We explore the impact that the global pandemic has made on the roles of our Environmental, Health, and Safety Managers and how this has initiated company-wide changes in day-to-day working practices that will stand the test of time.

We interviewed our colleagues from our US and UK plants to get their insight.

Top Image [Left to right at Morgan Hill,CA, USA:
Brian Wood—EHS Specialist, Erik Rockwell—EH&S Manager, Steve Austin—EHS Technician]

Bottom Image [Left to right at Langley Mill, Nottingham, UK:
Dr. John A Cook—Health, Safety and Site Services Manager, Adam Pilgrim—Process Engineer]

Toray EH+S Colleagues

1. How has your role changed as EH&S Manager with the onset of COVID-19?

[Eric Rockwell] There has been a great deal of new directives and protocols that have required detailed interpretation and implementation. Although that is part of what I enjoy about this field, balancing the implementation of new protocols and continuing to drive EHS initiatives and support daily operations has become increasingly more challenging as the pandemic progresses. Much of our department’s continued success with this balancing act is a result of the combined effort of other departments such as Human Resources and Facilities.

[John Cook] Maintaining the safety of people continues to be my top priority. We have proactively reviewed procedures in our production environment to ensure we are COVID-safe and comply with all government guidance, including minimizing number of workers onsite. I also need to ensure the site safety and maintenance schedule continues, as often many of these activities are time sensitive and also have a direct impact on the safety of our colleagues. We have managed this through only allowing third parties onsite out-of-hours/when no production staff are present. Safety compliance is more important now than ever. I predominantly work from home and rely on supervisors and peer-to-peer enforcement of safety policies and procedures.

The utilization of MS Teams software has facilitated teamwork and allowed those home working to stay connected.
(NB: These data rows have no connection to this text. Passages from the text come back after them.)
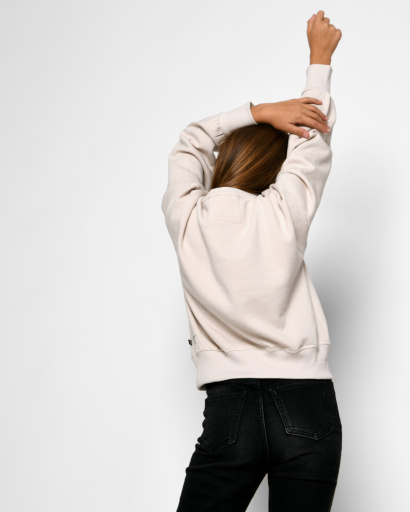 Подростковый свитшот с вышивкой "Shake it off" 52541, Цвет: Бежевый, Размер: 170, изображение 5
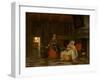 Woman and Child with Serving Maid, 1663-1665-Pieter de Hooch-Framed Giclee Print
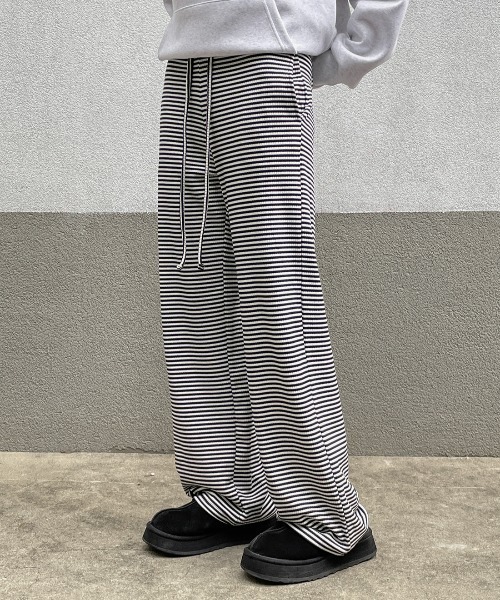 「BLACKUP」 イージーパンツ ONESIZE ブラウン レディース_画像4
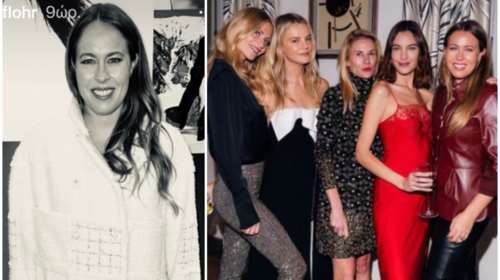 Νίνα Φλορ: Η εμμονή με τα Chanel - Το total white tweed μπλέιζερ και το leather look στο Παρίσι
It’s important to be mindful of mental health and managing stress.

2. How have employees’ behaviors and sentiments changed in light of new procedures and protocols to eliminate contact?
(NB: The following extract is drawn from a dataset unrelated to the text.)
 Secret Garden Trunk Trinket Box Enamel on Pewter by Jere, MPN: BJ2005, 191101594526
[ER] Since some employees have begun working on site and manufacturing operations have ramped up close to normal, I have seen nothing but positive participation from our employees. There has been an overwhelming sense of support and teamwork, not only for those facing the same challenges onsite but those working from home as well. Many employees have helped with suggestions to improve our new standards and processes in our effort to comply with social distancing and maintaining a safe and healthy work environment for all. This really has been a situation where teams have come together on all levels to develop solutions, they want to be part of the solution. This is a situation that impacts every employee and their families. In times of adversity, we see people, teams, and companies become stronger. That is what I am seeing every day with our workforce.

[JC] A sense of community has become stronger, with colleagues looking out for each other now more than ever. The safety culture that it is everyone’s responsibility has really come to life during this pandemic, with colleagues initiating their own communication of how to stay Coronavirus -free [refer to external door sign]. Two-meter social distancing was immediately adopted and continues to be critical.

3. What changes do you see more permanent, even after the pandemic has passed?

[ER] I think there will now be an increased awareness of the relationship between personal hygiene and industrial hygiene and the associated impact we can have on one another at work. Generally common practices in the workplace (such as frequent hand sanitizing, disinfecting common areas, and covering coughs and sneezes) will now be adhered to much more strictly. There will be a much closer correlation between our health at work and our health at home. Also, the North American cultural tendency of coming to work even when you have a cold or feel like you may be getting sick is no longer going to be acceptable. Businesses proactively creating policies about staying home when you feel sick will be more common, as well as other efforts to change this practice.

[JC] Our approach to work is much more flexible, and I can see this sentiment continuing, for example, through more use of virtual meetings. Also, as the pandemic has encouraged a further review of our processes, any improvements will continue to be incorporated into our working procedures.